Data for this exercise:

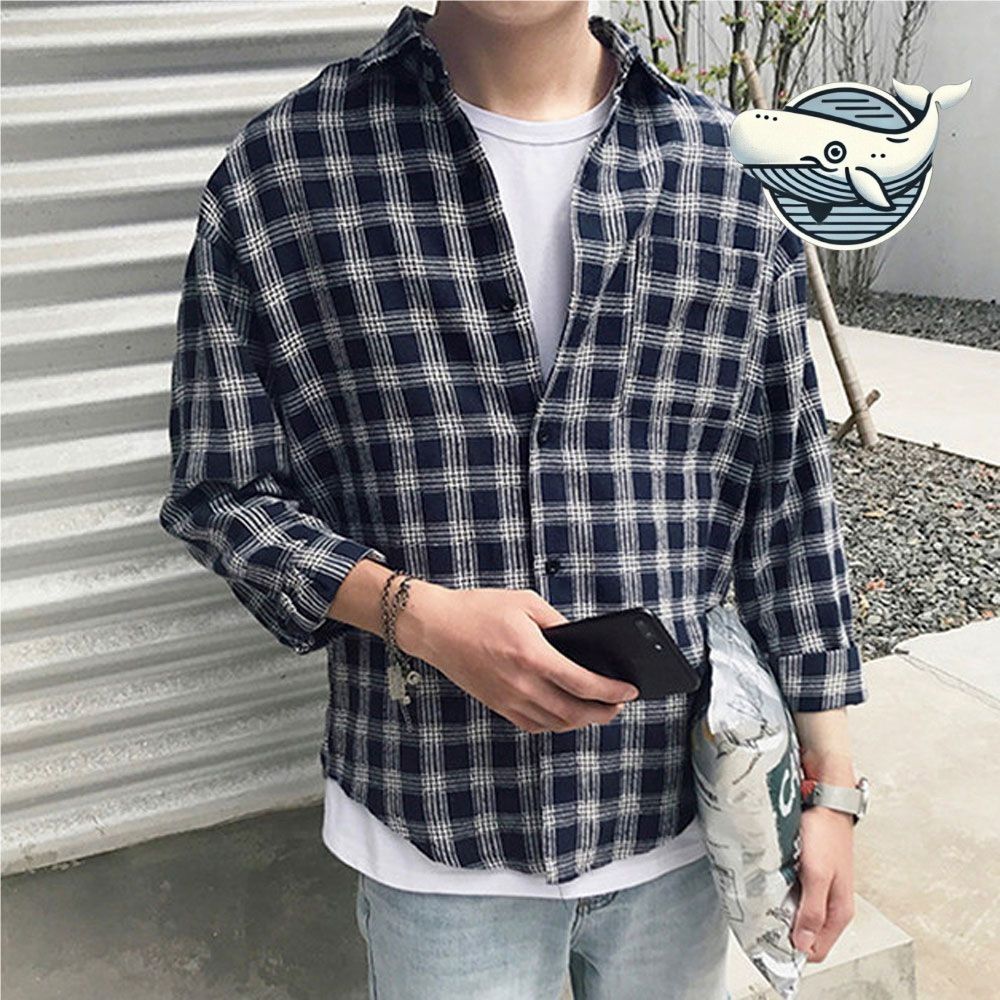 여름 내추럴 체크 남방 편안한 데일리 캐주얼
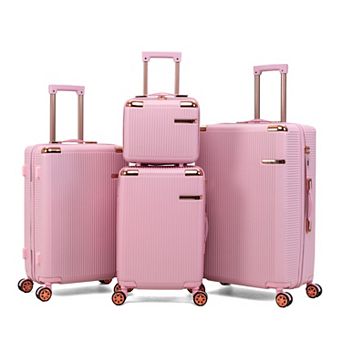 Pnronnc 4 pc ABS Hardshell Luggage Set with Dual Spinner Wheels and Combination Lock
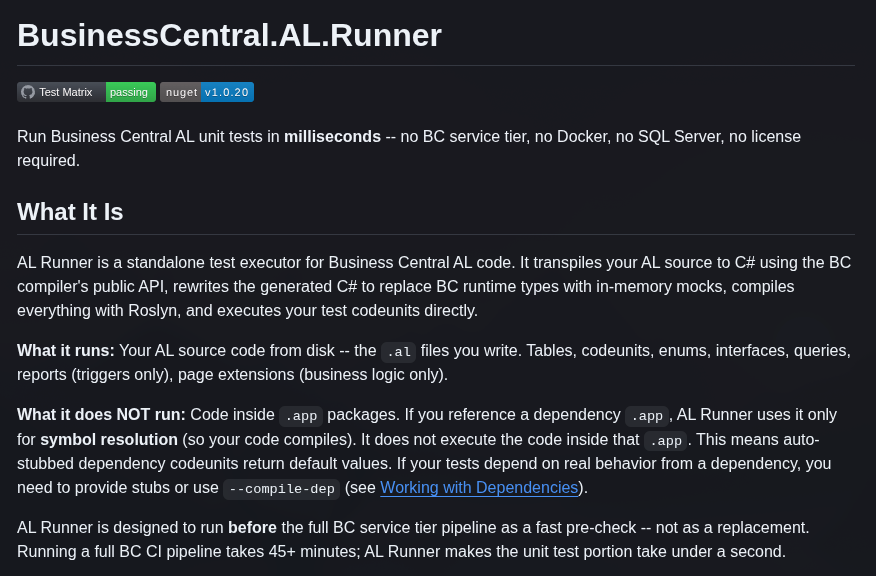 BusinessCentral.AL.Runner on GitHub — Test Matrix passing, NuGet v1.0.20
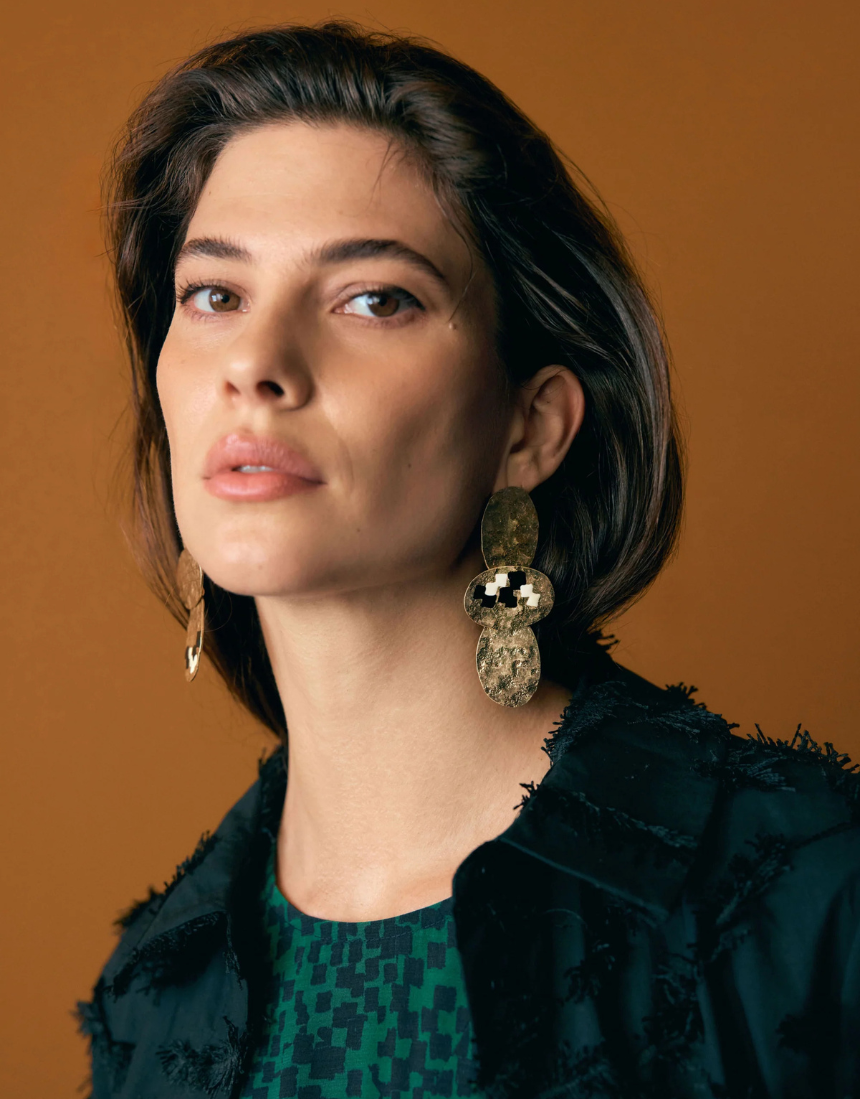 Elk drop earrings with colorful, layered design featuring vibrant shades and elegant dangling style.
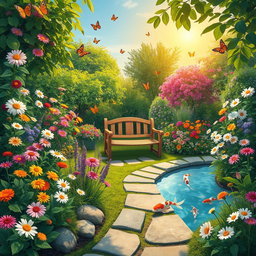 A vibrant and whimsical garden filled with blooming flowers of various colors, lush green plants, and delicate butterflies fluttering around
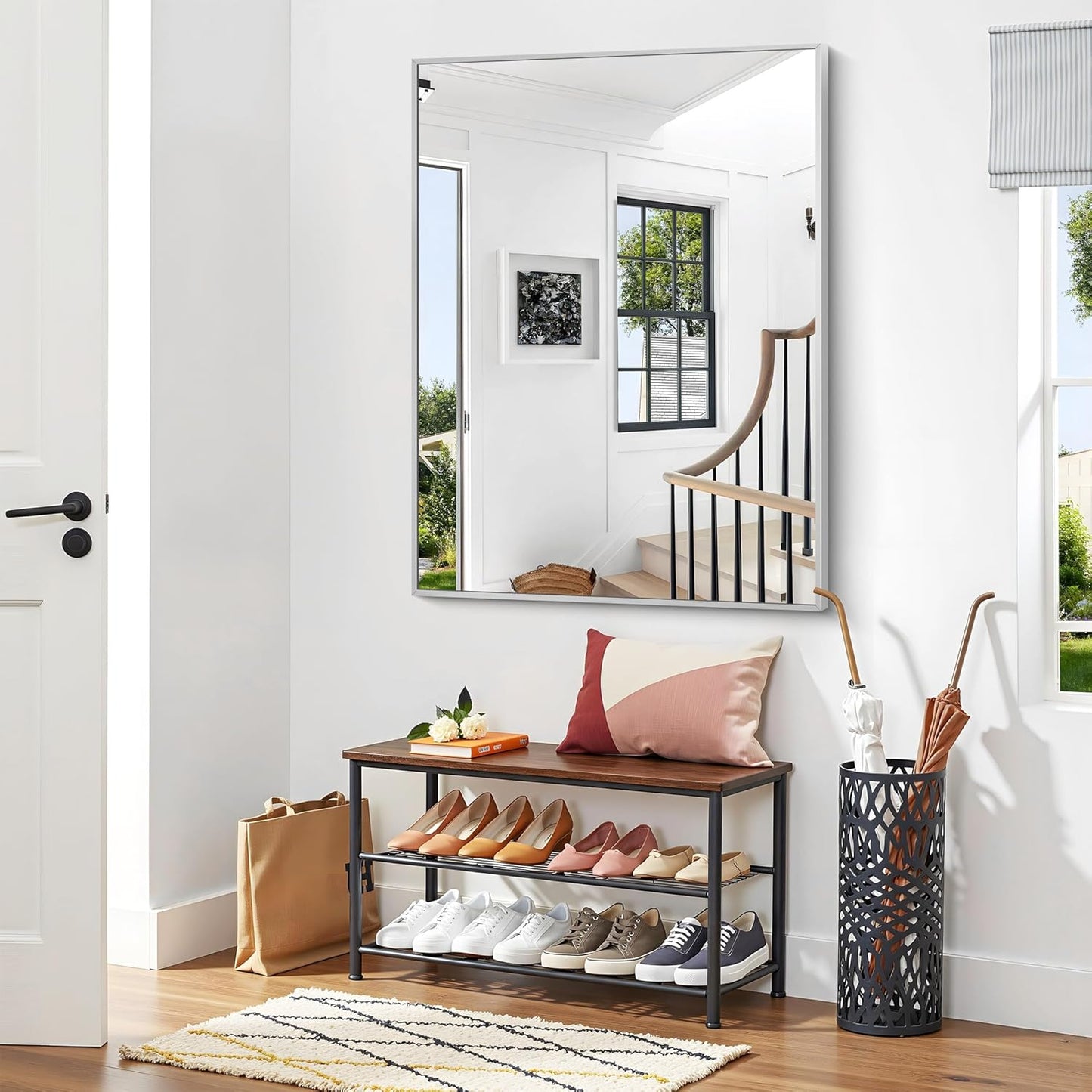 Silver Bathroom Mirror,36x48 inch Wall Mirror for Bathroom Wall Mounted,Large Rectangle Mirror for Bathroom Over Sink,Modern Metal Frame for Living Room,Bedroom Entryway,Horizontal/Vertical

Try it:
Give back the lines from the one containing "Elk drop earrings" through the last line of the records above exactly as they appear, both included, and no pictures.

Result for this exercise:
 Elk drop earrings with colorful, layered design featuring vibrant shades and elegant dangling style.
 A vibrant and whimsical garden filled with blooming flowers of various colors, lush green plants, and delicate butterflies fluttering around
 Silver Bathroom Mirror,36x48 inch Wall Mirror for Bathroom Wall Mounted,Large Rectangle Mirror for Bathroom Over Sink,Modern Metal Frame for Living Room,Bedroom Entryway,Horizontal/Vertical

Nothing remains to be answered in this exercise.